Manning (2012) has challenged our suggestion that dissolution by hydrofluoric acid (HF) contributed to the formation of the Olympic Dam breccia complex (McPhie et al., 2011b). Manning has summarized the outcome of considerable experimental and other research on HF-granite interactions under magmatic and near-magmatic temperature and pressure conditions. Under these conditions, a reaction takes place, rather than dissolution, and produces a crystalline quartz-topaz assemblage. However, these conditions are not relevant to our proposal that HF played a role in the formation of the Olympic Dam breccia complex.

The supergiant Olympic Dam Cu-U-Au-Ag ore body occurs within hematite-rich breccia surrounded by Mesoproterozoic granite (the Roxby Downs Granite). The mineralized hematite-rich breccia is part of a breccia complex that mainly consists of granite clasts, but minor volcanic and bedded sedimentary clasts are also present (Reeve et al., 1990; McPhie et al., 2011a). The granite and volcanic rocks are part of the regionally extensive and voluminous (∼90,000 km3) Gawler silicic large igneous province (SLIP).
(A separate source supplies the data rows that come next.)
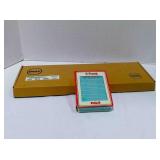 Vintage blank RCA 8-track recording cartridge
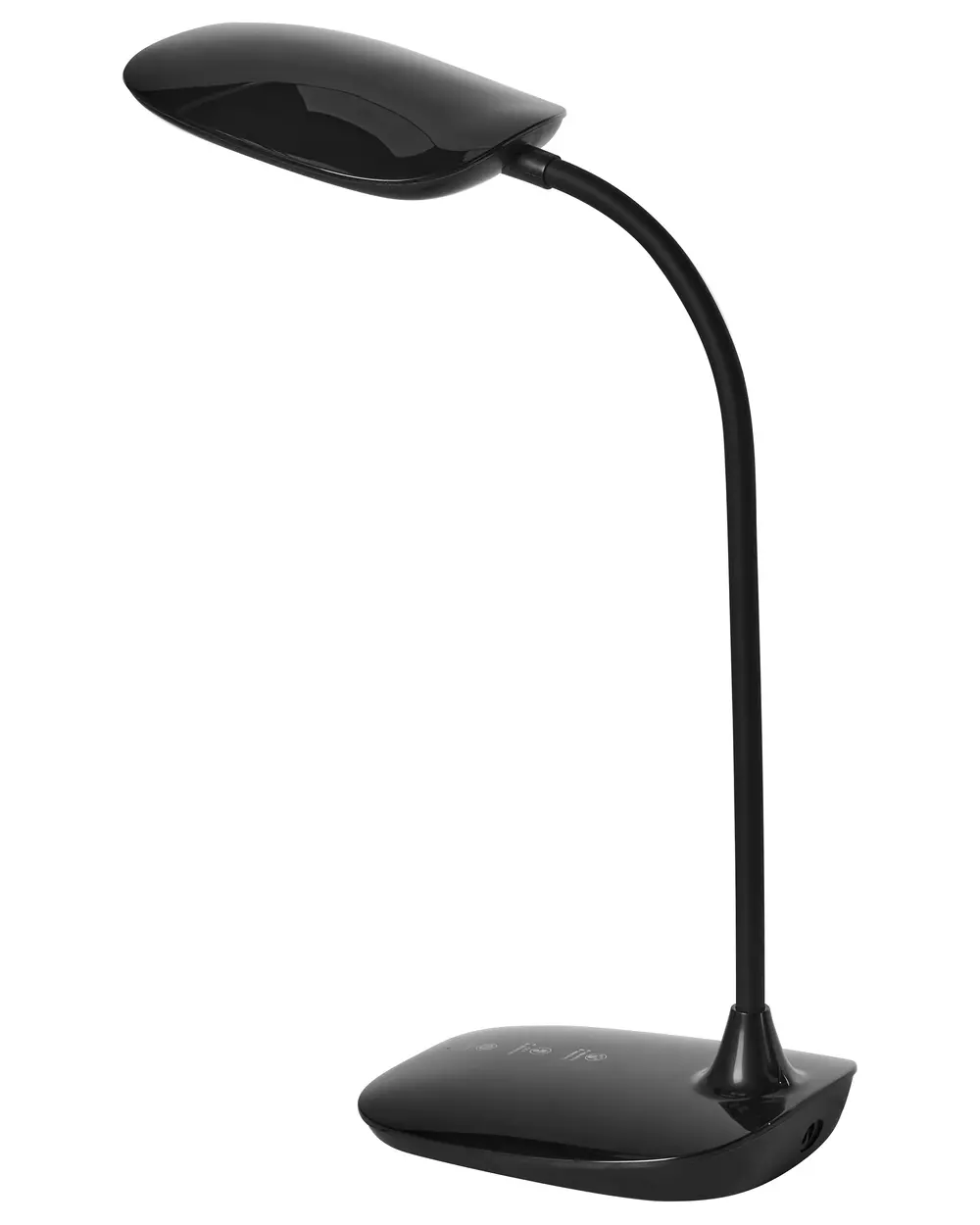 LED Schreibtischlampe HYDRA mit Dimmer Schwarz_1018758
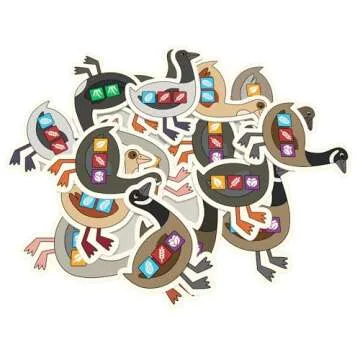 Sinister Fish Games HONK! Game - Fun Strategy for Families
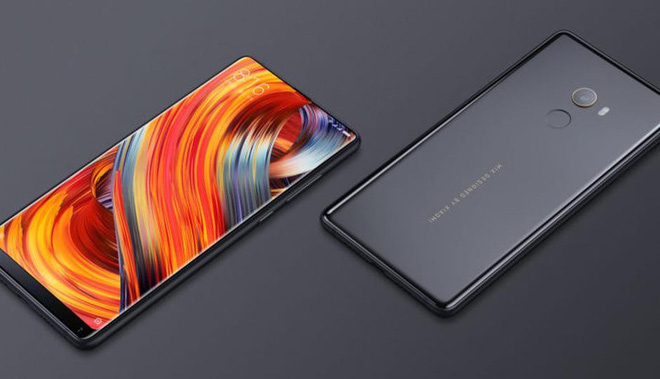 samsung galaxy s9 lieu co hon xiaomi mi mix 2s hinh anh 1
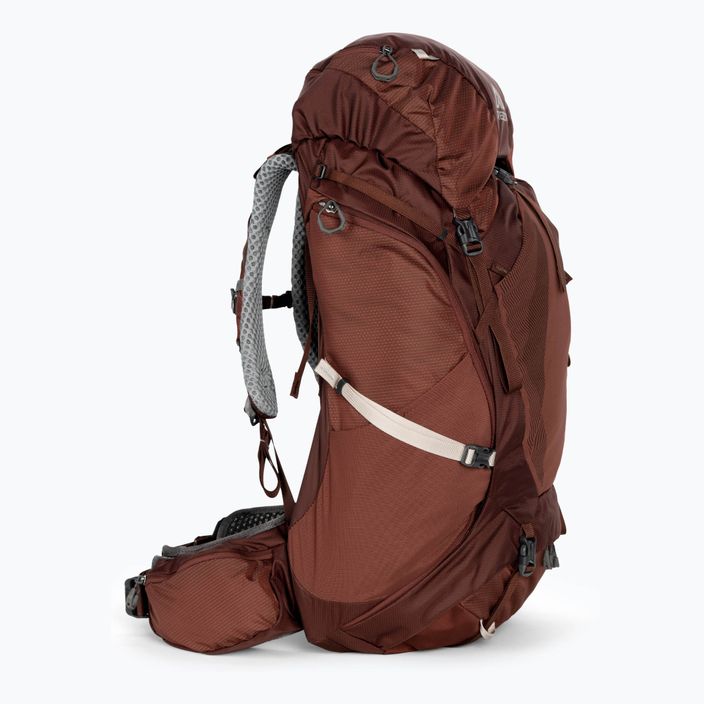 Women's trekking backpack Gregory Maven 45 l red 126837 2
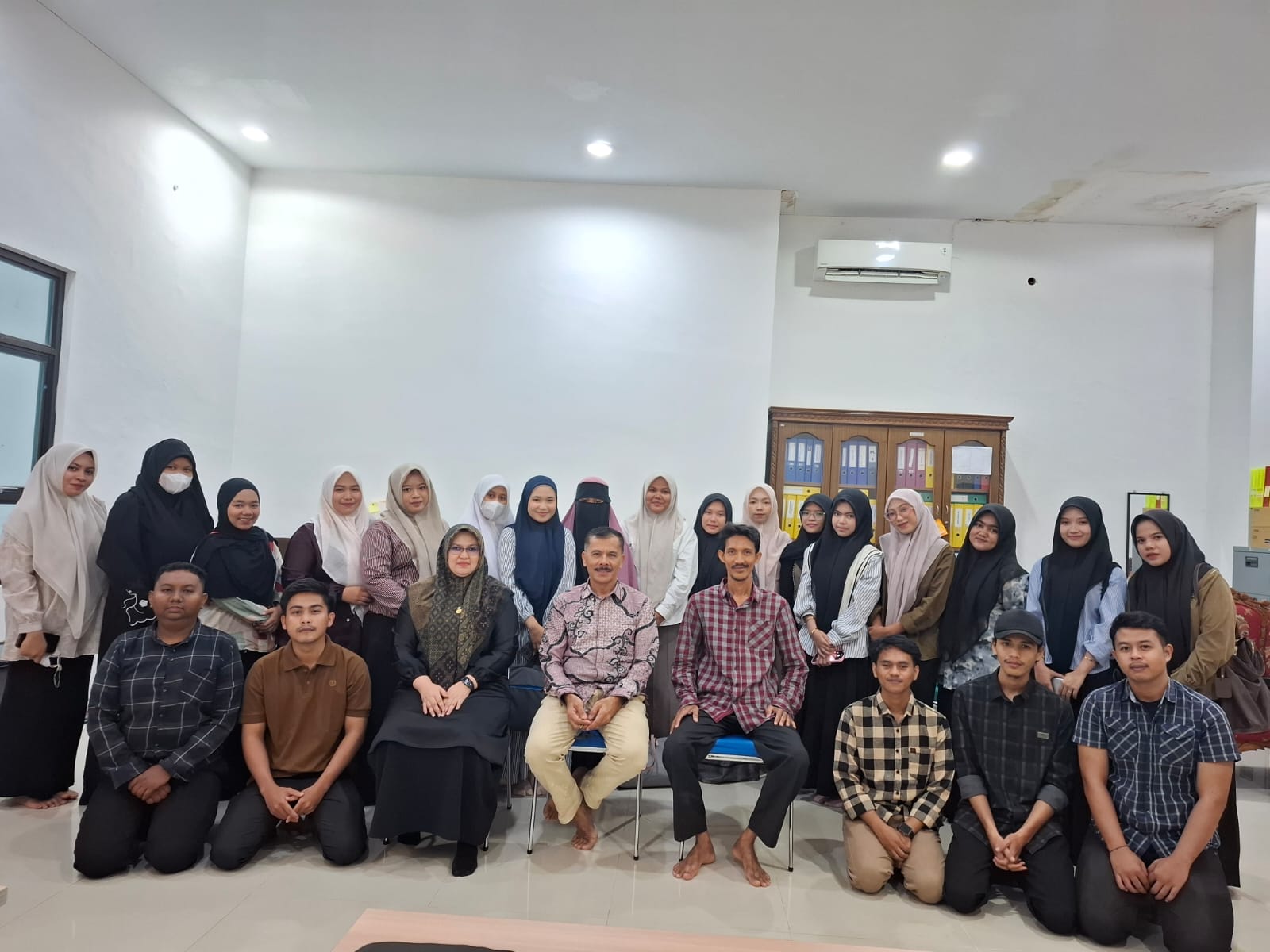 PRODI BK UIN AR-RANIRY GELAR PEMBINAAN MAHASISWA DALAM PROGRAM PERCEPATAN STUDI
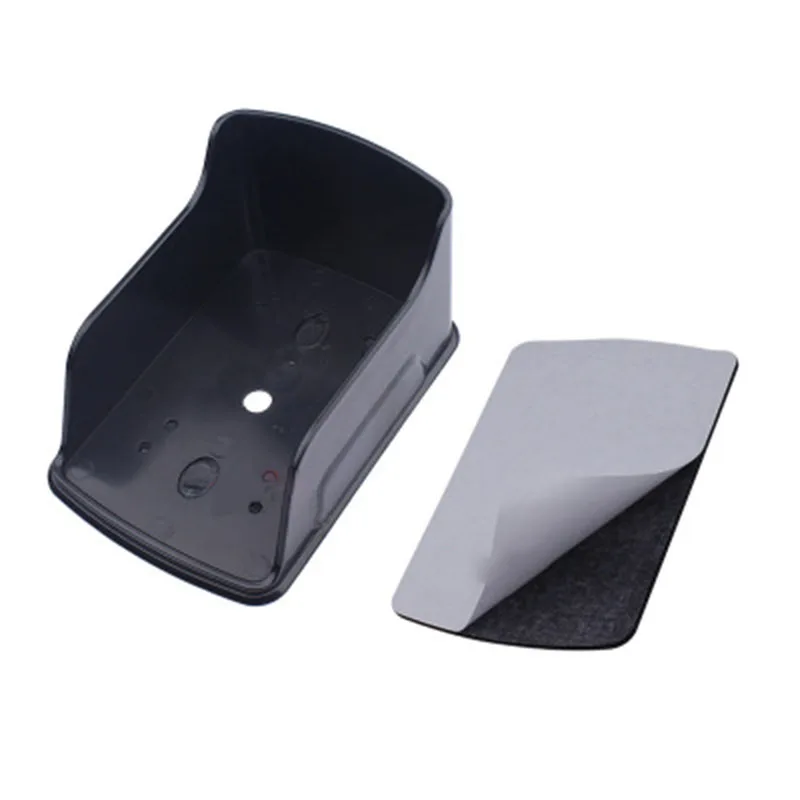 Анти дождь водонепроницаемый чехол для посещаемости времени/дверной звонок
The Gawler SLIP rocks contain magmatic fluorite and other F-bearing magmatic minerals (topaz, bastnasite, biotite, amphibole, sphene; Agangi et al., 2010). However, as previously stated (McPhie et al., 2011b), all igneous wall rocks were already solid when the breccia complex formed, and incapable of directly outgassing F or F-complexes.
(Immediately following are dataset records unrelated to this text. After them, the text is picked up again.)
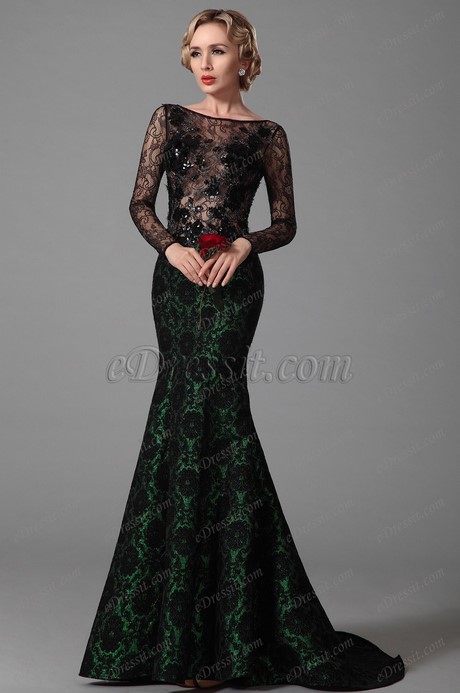 Modele robe dentelle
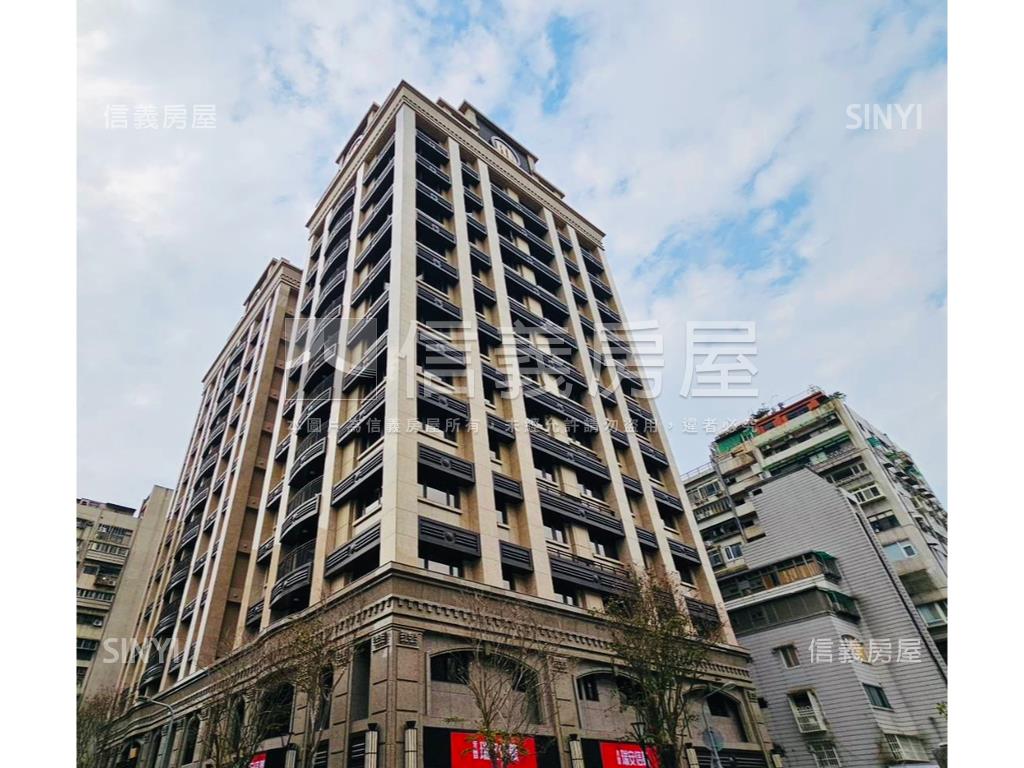 瑞安信義★高樓邊間房屋室內格局與周邊環境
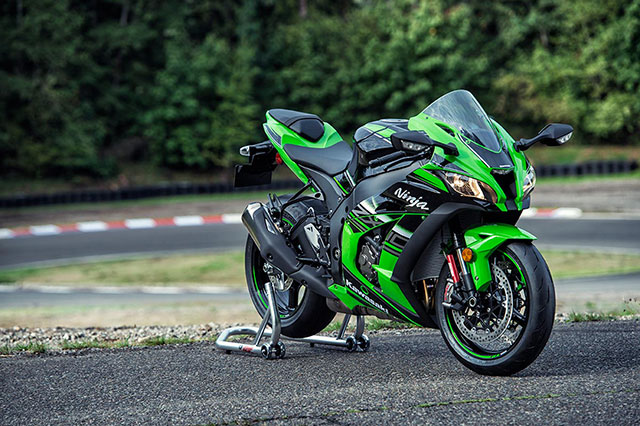 Kawasaki Ninja ZX-10R Kawasaki Ninja ZX-10R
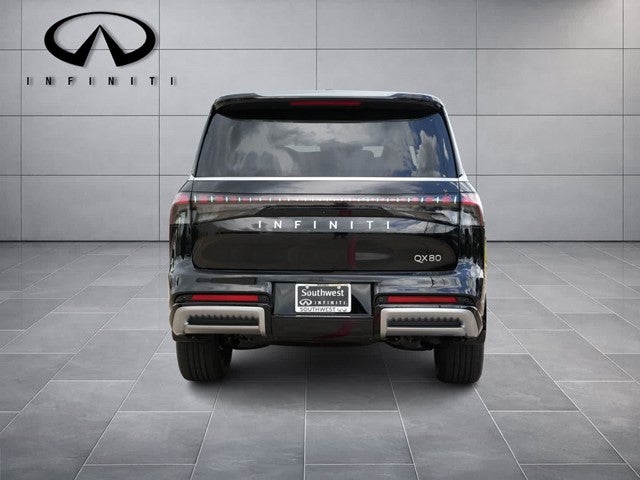 2027 INFINITI QX80 LUXE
The evidence for the Olympic Dam hydrothermal fluid being F-rich is largely empirical and based on the high abundance of F-bearing hydrothermal minerals (fluorite, chlorite, sericite, apatite, bastnasite, and synchysite) in the mineralized breccia, and the intimate association of fluorite with copper sulfides and U-bearing minerals (Reeve et al., 1990; Oreskes and Einaudi, 1990). We suggested that the F in the Olympic Dam ore ultimately came from the F-rich Gawler SLIP but not under magmatic conditions. The immediate wall rocks for circulating meteoric and hydrothermal fluids at Olympic Dam were the F-rich Gawler SLIP rocks. The exact pathway linking F-bearing minerals in the wall rocks to the F-rich hydrothermal fluid is not known, but could have involved acidic groundwater focused in and around pyritic faults.
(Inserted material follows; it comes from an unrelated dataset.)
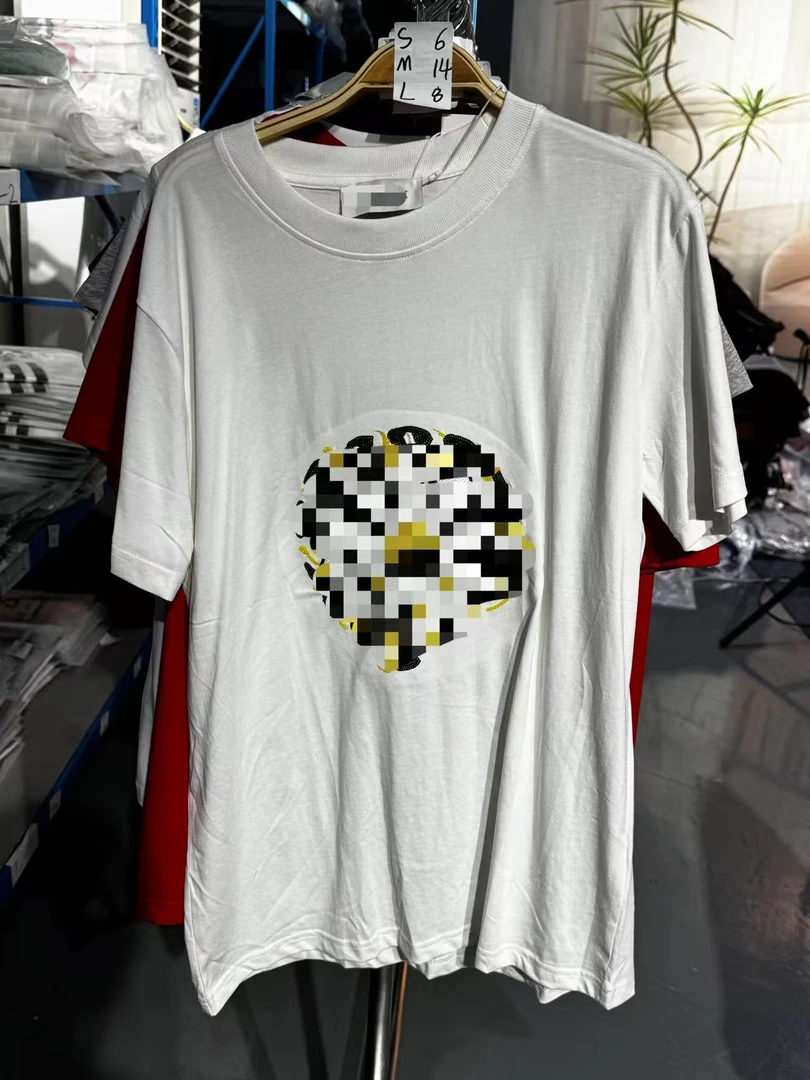 B-2-1020T恤印花欧式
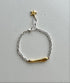 smiley bracelet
The evidence for dissolution being an important mechanism of breccia formation is textural—granitic and volcanic clasts within the breccia complex commonly have amoeboid and ragged shapes (Fig. 1) that are consistent with fracture-controlled dissolution. Our contention that HF may have been involved is a reasonable one, given the inference that the hydrothermal fluids were F-rich. Furthermore, dissolution of silicate rocks in HF is routinely performed under normal laboratory conditions (room temperature, atmospheric pressure) in analytical chemistry (e.g., Kline and Fogler, 1981). Dissolution under these conditions produces a solution (not a solid crystalline product).